Born in Montreal in 1927, John Fox attended McGill University and then enrolled at the École des beaux-arts de Montréal. Dissatisfied with its academic approach, he studied at the Montreal Museum of Fine Arts, School of Art and Design from 1946 to 1949, where he was influenced by Goodridge Roberts. He then worked for the critic-painter John Lyman in McGill’s Department of Art. In 1952 he received a British Council Scholarship to study at the Slade School of Art, University of London, followed by two years of independent work in Florence and Paris. Returning to Montreal, Fox began his career as a painter; he would also teach at the Saidye Bronfman Centre in the later 1960s and became a professor in the Painting and Drawing Department at Concordia University in 1970 until his retirement in 1998.
Fox’s work follows three periods beginning with intimist figures, interiors and landscape images from the mid 1950s until the early 1970s. His early approach, with its interdependence of painting and drawing, relates more to School of Paris painting than a specific Canadian sensibility. In 1972 and for almost fifteen years, he rejected the imposed limitations of representation by producing large abstract works concerned with the physical and sensuous processes of painting that were influenced by European and American non-figuration.
At the same time, he produced a number of collages, which share with the paintings his concern for colour as structure. In 1986, Fox returned to figuration where the tenets of abstraction are represented through a reconstructed reality of people, places and things. His figurative themes suggest the incidents of contemporary life rather than its grand narratives. Throughout his career, he continually drew from the model and his work on paper signifies an important part of his production. Whether his images are abstract or representational, Fox is foremost a colourist where the materiality of colour and light is a metaphor for objectifying the sensations of the subject.

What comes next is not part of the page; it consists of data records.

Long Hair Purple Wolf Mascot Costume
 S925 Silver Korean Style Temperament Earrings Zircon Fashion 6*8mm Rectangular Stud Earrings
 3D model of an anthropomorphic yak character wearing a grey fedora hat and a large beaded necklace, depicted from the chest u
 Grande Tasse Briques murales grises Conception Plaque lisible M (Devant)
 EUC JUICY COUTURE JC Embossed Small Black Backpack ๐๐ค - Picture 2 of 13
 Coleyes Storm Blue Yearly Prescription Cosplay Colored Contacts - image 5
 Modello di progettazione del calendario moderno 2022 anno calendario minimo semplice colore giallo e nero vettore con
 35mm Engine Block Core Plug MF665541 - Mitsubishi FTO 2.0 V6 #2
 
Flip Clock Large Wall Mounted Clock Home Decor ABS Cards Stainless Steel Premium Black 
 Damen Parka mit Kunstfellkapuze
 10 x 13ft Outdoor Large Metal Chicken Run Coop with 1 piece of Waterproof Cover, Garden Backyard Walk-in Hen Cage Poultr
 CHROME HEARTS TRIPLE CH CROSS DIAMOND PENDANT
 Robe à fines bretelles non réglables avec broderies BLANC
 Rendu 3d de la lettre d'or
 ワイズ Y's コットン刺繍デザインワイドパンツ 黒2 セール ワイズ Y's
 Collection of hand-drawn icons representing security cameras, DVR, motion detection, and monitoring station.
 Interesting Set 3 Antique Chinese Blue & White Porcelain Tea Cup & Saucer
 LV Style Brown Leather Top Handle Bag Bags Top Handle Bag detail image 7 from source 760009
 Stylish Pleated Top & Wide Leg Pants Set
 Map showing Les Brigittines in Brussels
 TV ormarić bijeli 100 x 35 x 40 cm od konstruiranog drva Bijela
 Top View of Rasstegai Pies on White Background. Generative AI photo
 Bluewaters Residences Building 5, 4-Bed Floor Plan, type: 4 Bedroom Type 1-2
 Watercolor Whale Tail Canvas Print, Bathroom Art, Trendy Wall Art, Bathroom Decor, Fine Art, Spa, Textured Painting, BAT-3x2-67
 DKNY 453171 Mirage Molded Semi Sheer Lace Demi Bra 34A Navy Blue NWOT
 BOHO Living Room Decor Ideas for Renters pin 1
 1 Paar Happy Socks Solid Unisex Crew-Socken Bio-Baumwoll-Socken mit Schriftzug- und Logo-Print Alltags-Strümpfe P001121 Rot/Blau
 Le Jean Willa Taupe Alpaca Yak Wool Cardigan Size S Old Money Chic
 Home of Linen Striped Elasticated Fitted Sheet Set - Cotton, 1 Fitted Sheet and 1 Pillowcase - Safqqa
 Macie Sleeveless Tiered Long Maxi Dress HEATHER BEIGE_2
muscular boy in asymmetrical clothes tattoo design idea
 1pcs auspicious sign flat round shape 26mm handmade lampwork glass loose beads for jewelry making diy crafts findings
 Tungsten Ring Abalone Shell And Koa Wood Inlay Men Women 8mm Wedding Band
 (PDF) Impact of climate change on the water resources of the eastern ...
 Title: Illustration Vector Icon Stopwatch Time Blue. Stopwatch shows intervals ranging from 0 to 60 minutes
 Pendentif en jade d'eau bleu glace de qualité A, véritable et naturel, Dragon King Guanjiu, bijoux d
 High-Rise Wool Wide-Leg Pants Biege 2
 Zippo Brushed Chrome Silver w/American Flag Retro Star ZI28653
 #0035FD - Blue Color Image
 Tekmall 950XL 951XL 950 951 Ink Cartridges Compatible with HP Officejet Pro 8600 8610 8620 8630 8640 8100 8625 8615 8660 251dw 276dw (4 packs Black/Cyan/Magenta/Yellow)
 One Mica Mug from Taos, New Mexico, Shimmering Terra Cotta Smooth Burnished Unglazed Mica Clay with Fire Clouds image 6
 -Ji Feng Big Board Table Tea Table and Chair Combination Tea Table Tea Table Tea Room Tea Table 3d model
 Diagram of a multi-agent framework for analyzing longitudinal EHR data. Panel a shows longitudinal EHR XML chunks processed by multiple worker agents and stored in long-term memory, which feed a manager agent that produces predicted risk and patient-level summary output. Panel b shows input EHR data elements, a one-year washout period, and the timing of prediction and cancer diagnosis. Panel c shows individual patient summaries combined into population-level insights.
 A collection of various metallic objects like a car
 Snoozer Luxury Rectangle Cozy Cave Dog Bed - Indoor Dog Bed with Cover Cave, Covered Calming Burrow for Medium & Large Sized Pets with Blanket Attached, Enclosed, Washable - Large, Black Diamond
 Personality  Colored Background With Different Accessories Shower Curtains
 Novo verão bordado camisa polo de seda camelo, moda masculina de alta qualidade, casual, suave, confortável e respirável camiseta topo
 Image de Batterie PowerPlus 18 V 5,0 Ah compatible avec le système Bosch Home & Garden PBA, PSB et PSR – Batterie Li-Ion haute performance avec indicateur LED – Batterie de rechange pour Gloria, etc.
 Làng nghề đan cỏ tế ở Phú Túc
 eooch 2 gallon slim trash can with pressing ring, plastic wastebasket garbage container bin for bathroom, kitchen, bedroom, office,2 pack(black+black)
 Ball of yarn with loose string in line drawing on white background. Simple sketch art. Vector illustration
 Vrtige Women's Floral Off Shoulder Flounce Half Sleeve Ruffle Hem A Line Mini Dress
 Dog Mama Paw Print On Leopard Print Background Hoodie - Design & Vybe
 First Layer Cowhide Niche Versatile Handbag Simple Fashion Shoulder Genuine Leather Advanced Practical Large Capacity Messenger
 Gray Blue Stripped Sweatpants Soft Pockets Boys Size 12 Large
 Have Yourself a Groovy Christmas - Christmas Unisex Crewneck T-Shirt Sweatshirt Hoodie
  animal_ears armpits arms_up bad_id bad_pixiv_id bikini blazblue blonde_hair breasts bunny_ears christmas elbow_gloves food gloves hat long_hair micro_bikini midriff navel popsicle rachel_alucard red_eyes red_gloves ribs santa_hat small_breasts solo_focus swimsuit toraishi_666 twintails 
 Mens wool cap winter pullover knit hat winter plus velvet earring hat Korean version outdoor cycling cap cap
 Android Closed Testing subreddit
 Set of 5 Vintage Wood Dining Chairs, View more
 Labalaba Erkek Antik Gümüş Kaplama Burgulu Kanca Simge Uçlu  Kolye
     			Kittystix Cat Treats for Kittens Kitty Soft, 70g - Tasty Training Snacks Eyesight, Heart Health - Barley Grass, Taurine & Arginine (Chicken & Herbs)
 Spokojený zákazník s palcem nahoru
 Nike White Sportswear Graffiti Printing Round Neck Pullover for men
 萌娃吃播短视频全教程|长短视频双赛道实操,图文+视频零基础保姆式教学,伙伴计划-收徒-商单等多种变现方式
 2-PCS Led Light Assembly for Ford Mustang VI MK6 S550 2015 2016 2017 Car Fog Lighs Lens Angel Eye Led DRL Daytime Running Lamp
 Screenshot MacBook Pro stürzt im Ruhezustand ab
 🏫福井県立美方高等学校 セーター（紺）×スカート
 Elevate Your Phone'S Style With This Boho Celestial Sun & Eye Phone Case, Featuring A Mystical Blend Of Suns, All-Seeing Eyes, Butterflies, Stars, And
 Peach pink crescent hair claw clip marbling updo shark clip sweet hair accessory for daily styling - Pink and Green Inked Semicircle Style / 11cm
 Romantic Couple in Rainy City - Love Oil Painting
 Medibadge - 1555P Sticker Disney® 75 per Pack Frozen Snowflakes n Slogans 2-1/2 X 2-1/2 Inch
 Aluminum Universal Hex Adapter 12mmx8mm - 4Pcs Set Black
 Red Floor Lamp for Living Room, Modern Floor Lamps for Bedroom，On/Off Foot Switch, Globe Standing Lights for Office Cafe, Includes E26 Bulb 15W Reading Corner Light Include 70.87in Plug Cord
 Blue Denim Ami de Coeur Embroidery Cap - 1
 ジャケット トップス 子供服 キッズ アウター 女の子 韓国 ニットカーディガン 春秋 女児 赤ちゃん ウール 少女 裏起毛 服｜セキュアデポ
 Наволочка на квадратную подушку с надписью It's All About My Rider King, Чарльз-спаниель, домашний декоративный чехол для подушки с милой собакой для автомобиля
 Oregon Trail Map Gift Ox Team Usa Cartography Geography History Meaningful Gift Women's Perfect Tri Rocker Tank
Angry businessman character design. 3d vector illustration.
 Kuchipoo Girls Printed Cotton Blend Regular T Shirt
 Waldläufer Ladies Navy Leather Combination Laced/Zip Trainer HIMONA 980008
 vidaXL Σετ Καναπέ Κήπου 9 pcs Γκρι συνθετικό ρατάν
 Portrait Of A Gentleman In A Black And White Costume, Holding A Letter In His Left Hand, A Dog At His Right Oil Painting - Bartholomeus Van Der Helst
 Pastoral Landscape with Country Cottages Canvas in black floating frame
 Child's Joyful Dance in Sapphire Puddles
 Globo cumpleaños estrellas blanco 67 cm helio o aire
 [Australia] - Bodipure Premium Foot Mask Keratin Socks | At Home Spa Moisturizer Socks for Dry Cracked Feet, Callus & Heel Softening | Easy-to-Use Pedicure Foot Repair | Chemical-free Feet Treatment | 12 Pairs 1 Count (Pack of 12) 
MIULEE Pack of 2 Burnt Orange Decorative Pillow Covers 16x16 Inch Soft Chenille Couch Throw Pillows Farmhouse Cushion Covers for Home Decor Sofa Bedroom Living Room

John Fox has worked in a variety of mediums – oil, acrylic, watercolour, gouache, chalk, graphite and charcoal. He also produced prints, ranging from abstract serigraphs to figurative etchings. In 1970 he produced a limited number of bronze sculptures. Fox was a member of the Canadian Group of Painters and was also made an Associate Member of the Royal Canadian Academy but he resigned within a year because of its conservative attitudes. In the mid 1960s, he was awarded a mural commission for the inauguration of the Confederation Art Centre in Charlottetown. Fox was a life-long resident of Montreal and also spent a significant time in Venice, Italy from the mid 1970s until his death there in 2008.
John Fox has had numerous solo exhibitions in Montreal, Toronto, Vancouver and Calgary throughout his career and also participated in many group exhibitions across Canada and internationally. His work is represented in major public, corporate and private collections in Canada, the United States and Europe.